The Rams don’t have a quarterback controversy (for sure) entering training camp July 23. They are defending Super Bowl champs. The biggest goal of training camp for them is staying healthy. Superstars Matthew Stafford, Aaron Donald and Cooper Kupp probably won’t play a snap in pre-season.
But they do have some players with intriguing storylines entering camp. These are the best.
Allen Robinson II
Blake Bortles, Chad Henne, Mitch Trubisky, Nick Foles, Justin Fields and Andy Dalton.
Those have been the six quarterbacks who have thrown passes to Robinson II in his eight-year career split with Jacksonville and Chicago.
Robinson has pieced together three 1,000 yard-seasons, but last year a hamstring injury messed him up and he caught a career-low 38 passes for 410 yards with the Bears.
The Rams need a second or third wide receiver (depending on where you put Van Jefferson). Did they find gold with Robinson II here, or has his NFL timing forever been ruined by bad quarterback play?
A punter controversy? Maybe. Special teams can’t outright win you games in the NFL, but you sure can lose a game because of them.
Dixon was a curious signing from the start. The Rams moved on from Johnny Hekker after 10 years, which is a long time for a punter. He was coming off a year where he averaged 44.2 yards a kick.
Dixon was in Kicker Heaven in Denver (thin air) for a few years, then went to the Giants. His average has declined the last two years and in his six-year career, he’s had five kicks blocked (red flag).
Hekker only had three in his years with the Rams. Is this a spot where the Rams went cheap and will eventually pay the price? Or will rookie Cameron Dicker beat out Dixon for the job?
Darrell Henderson Jr.
You look at the Rams depth chart at running back and it’s like, someone is going to be the odd man out. Henderson Jr. ran for 688 yards last year and caught a career-high 29 passes, but he’s been injured at the end of all three seasons.
The Rams should have a fully-healthy Cam Akers and drafted Kyren Williams out of Notre Dame. Henderson Jr. is in the last year of his four-year contract. He needs a good camp.
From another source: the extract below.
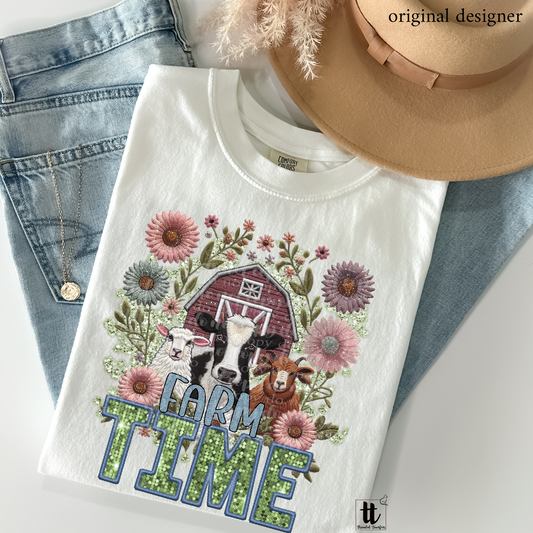 Farm Time Faux Embroidery DTF & Sparkle **EXCLUSIVE** Sublimation Transfer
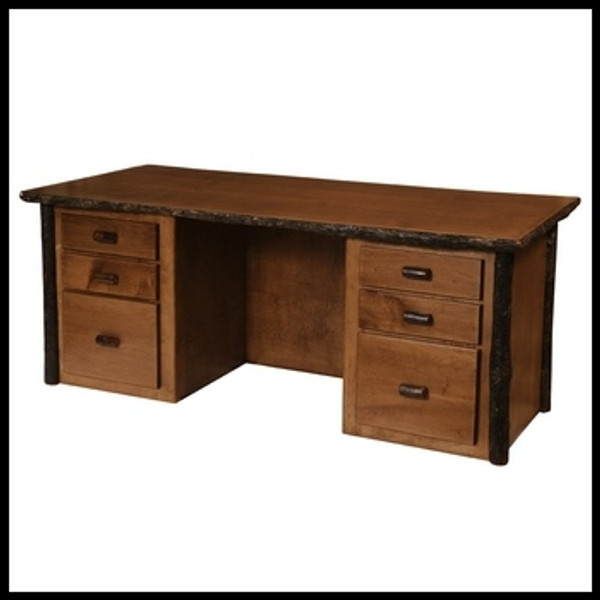 Executive Desk shown in the Rustic Maple 75"W x 31"D x 30"H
The numbers are against him.
Free agency works differently in the NFL than it does in Major League Baseball because in baseball, you can plug in an outfielder and his job stays basically the same: get hits, throw the ball to cut-off man, give media clichés in post-game press conference.
Football doesn’t work that way. Players who are stars on one team sign somewhere else, but the scheme and philosophy don’t sync up with what the player does well.
Wagner just turned 32 and is coming off a career season with 170 tackles. He’s a six-time All-Pro selection with Seattle. He’ll probably fit in like a dream with the Rams, but I expect some growing pains as he adjusts to what the Rams want.
The Rams showed their faith in Noteboom signing him to a three-year $40 million deal. He’s played all over the offensive line in his three years. Versatility is a good thing for an offensive lineman. But he’s only made 17 career starts and now may be taking over at left tackle for Andrew Whitworth, you know, protecting Stafford’s blindside.
Does he have the goods to do this? It’s a big jump from being a versatile offensive lineman to protecting the franchise.
The Rams second round pick in 2021 ran back a few kicks last season but other than that was nowhere to be seen in the offense.
There’s a spot here for him as the Rams fourth or fifth wide receiver. He showed good speed and hands in a record-setting career at Louisville but was a disappointment. Was last year an NFL redshirt year for him, or have the Rams seen what he can do in practice and think he’s just not an NFL wide receiver.
Players like this flame out in the NFL all the time and it’s never made public why.
Some guys like the happy smoke too much, some guys get fat, some just aren’t smart enough to handle an NFL playbook. It’s only year two, but this is Atwell’s make-or-break shot.